Adds Anuradha Ravi, now a Bengaluru resident who studied in DTEA from 1959 to 1970 and retired from DRDO: “All our parents had the concept of simple living and high thinking ingrained in them and passed it on to their progeny. It was dinned into our ears that education alone would help us in life. The teachers never discriminated, whether one was a Joint Secretary’s son getting dropped by car or an ordinary family’s son walking to school in slippers.”
The miracle – it was nothing short of a miracle – eventually happened. In the 1950s and 60s and even in the early part of the 1970s, DTEA schools glowed like probably none of the 600 odd higher secondary schools in Delhi. This was the period when newspapers not only published the school-leaving Class 11 results but also the names of the 10 toppers (Merit List) for entire Delhi in all three streams – Science, Commerce and Arts (Humanities). Believe it or not, there was not a single year when DTEA was absent from the Merit List. Often DTEA students accounted for a third (at times more) of the total 30 in the Merit List. In 1962, a whopping 22 students made it to IIT just from Lodi Road! DTEA schools became the talk of the town. People wondered how could a school which did not charge donations produce such excellent results year after year. Some branches did not have a single failure in the final exam conducted by the Central Board of Secondary Education (CBSE).

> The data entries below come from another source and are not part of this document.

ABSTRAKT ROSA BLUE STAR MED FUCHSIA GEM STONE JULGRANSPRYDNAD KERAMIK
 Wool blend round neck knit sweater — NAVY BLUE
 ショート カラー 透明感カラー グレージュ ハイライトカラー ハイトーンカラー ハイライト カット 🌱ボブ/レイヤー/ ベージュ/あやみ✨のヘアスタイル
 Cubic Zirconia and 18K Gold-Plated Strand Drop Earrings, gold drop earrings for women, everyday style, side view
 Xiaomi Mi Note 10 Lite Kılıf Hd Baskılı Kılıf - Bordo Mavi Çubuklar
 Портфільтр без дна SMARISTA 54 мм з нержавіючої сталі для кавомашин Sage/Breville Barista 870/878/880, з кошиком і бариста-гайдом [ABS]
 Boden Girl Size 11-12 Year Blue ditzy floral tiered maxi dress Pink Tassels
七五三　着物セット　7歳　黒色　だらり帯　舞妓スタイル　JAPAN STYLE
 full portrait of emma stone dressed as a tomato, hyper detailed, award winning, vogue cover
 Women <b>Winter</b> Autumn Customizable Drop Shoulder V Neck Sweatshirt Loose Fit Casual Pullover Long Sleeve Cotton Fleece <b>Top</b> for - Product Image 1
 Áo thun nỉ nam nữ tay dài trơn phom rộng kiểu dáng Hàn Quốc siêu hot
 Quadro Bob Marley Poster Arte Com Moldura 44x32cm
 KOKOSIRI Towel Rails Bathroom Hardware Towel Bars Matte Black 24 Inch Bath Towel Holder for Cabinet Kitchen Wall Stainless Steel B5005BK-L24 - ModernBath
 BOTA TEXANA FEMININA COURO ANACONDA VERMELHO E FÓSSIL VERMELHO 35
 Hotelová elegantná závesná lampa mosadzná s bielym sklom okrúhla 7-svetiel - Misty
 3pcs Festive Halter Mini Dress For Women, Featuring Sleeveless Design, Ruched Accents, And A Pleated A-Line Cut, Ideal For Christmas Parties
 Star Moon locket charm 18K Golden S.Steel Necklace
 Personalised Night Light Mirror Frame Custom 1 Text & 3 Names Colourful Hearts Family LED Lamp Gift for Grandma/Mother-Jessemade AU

The Tamil community was overjoyed.
Although there was a relationship of mutual respect between the staff and parents, there were hiccups. The Principals normally protected teachers from unreasonable criticism from parents. At the same time, legitimate complaints aired by parents was listened to and resolved. The early 1970s saw a major agitation by teachers against the DTEA Secretary who was accused of acting against the staff unfairly. Things came to a head in January 1974 when all 350 odd teachers squatted on the pavement outside the Moti Bagh School during a DTEA General Body meeting, forcing the unpopular Secretary to quit. The same year, there was violence blamed on senior students during a school event at Lakshmi Bai Nagar, leading to police intervention.
While DTEA schools gave the highest importance to good academic performance, sports and other extra-curricular activities were relegated to the background. Talent outside of studies existed but it wasn’t encouraged, recalled architect Ramanathan. Also, poor infrastructure dogged DTEA in spite of having school buildings. Even with close to 1,000 students and staff, toilet facilities were bare minimal. Students would use their cupped palms to drink water straight from the tap but no one complained then about the lack of glasses!
It is impossible to fix one particular year but sometime in the 1980s the DTEA’s academic achievements began to flounder. Once the fall began, it could not be arrested. The schools also began – for more than one reason – to admit non-Tamils in large numbers. The Tamil majority was lost in the teaching arena. Barring exceptions, ex-students admit they are no more eager to send their own children to the DTEA. The ex-students – now parents and many grandparents – still love the school and do what they can for the alma mater but this stops with material help. According to former student D. Ranganathan, one important takeaway from DTEA is the deep and genuine bonds of friendship with many fellow students that has stood the test of time despite decades of zero contact.
Srinivasan, at whose house the Janakpuri school started, is one of the many who did not send his children to DTEA. He reasons: “Unfortunately, in later years, everything became commercialized. People in the management committee expected returns for services rendered. The standard of education was impacted along with moral principles.”A Tamil woman teacher still in service said on the condition of anonymity: “The changing profile of the students and teachers and a very different management is largely to blame for the poor academic results now.”
Can DTEA regain its lost glory? Will DTEA become a wholly Tamil school again? Does it have to? These are some of the questions DTEA grapples with,almost a century after it was formed and just when it has opened its eighth branch in Mayur Vihar in east Delhi.